Celebrating our own savagery
When white Americans celebrate Indian "savagery" they celebrate their own
I have been reading Gorski's and Perry's brief and excellent book about white Christian nationalism, The Flag + The Cross. Their book begins with a statistical study of various religious denominations' views on race, religion and politics, quickly isolates “whiteness” as the key component of white Christian nationalism, and makes a strong case that the veneer of Christianity embraced by white nationalists has little to do with religion — indeed, runs counter to actual Christian teachings — but has everything to do with white freedom, white power, and white violence.

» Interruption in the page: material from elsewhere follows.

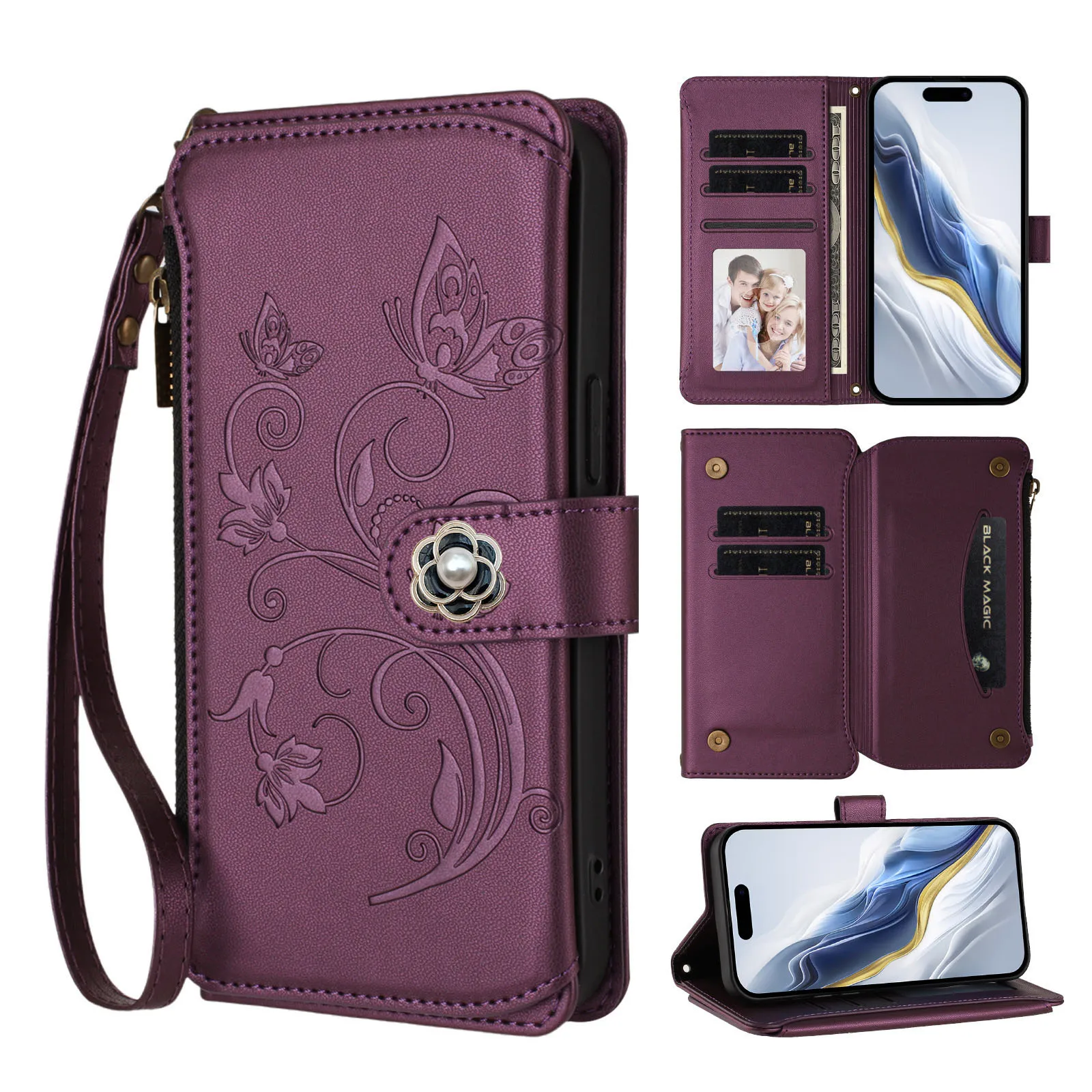 Butterfly Flower Vine Crossbody Zipper Wallet Case For Samsung Galaxy A70 A50S A50 A40 A30 A20 A10 Leather 5 Cards Wrist Cover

Worse, the book (which was written after January 6th) shows that the white supremacists who besieged the Capitol were just the tip of the iceberg. A large number of white Christian nationalists — constituting over 80% of the Republican party — may not themselves be carrying AR-15's or preparing for another coup, but they share the same values as the insurrectionists. And they share all the same myths.

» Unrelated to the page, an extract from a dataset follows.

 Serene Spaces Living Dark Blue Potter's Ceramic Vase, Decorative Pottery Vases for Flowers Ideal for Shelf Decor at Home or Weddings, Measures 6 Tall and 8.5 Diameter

It is common to date the birth of American white supremacy to the Civil War, but Gorski and Perry show the roots go back even further, to the religious fanatics who first established the Plymouth Colony, evolving into a form of white nationalism that developed through conflicts predating the Civil War— notably the French and Indian Wars and the War of 1812.

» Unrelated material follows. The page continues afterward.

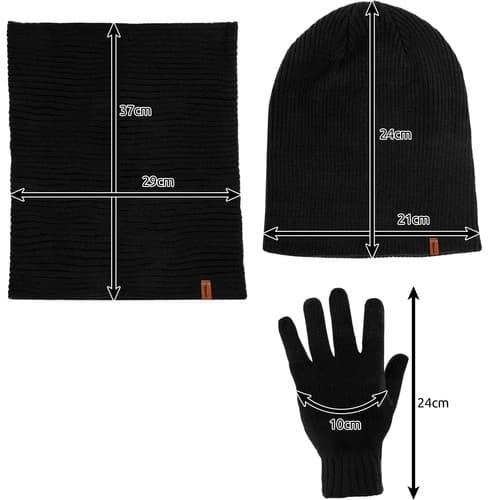 Vintersæt 3-i-1 | Hat, tubetørklæde og handsker Unisex Sort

There is much more to this book, but as a resident of an ostensibly "liberal" town that just "affirmed" a racist mascot, the following excerpt from the book jumped out at me — and it explained the persistent cultural misappropriation of Native American identity:
The French and Indian Wars generated a British and Protestant version of white Christian nationalism in the colonies; the Revolutionary War and the War of 1812 helped to "Americanize" it. Until the Revolution, most colonists identified as "British" or "English"; the term "American" usually referred to the native peoples. After the Revolution, the former colonists struggled to articulate what was "American" about the United States. They often answered the question by appropriating native culture. What supposedly made white American men different from their former British countrymen was that they also had a tinge of "red" and a bit of the "savage" in them. The first symbol of this white American masculinity was not the "cowboy" but the "scout," the frontiersman who ventured into the wild, learned the ways of the "Indian," and absorbed a bit of "savagery" in the process. The figure of the scout, in other words, was the first heroic embodiment of the individualistic ethos that is at the heart of white Christian nationalism and its holy trinity of freedom, order, and violence.
The great takeaway from this is that when Dartmouth's white residents celebrate the "savage" Indian warrior, they are not celebrating Native people; they are celebrating themselves.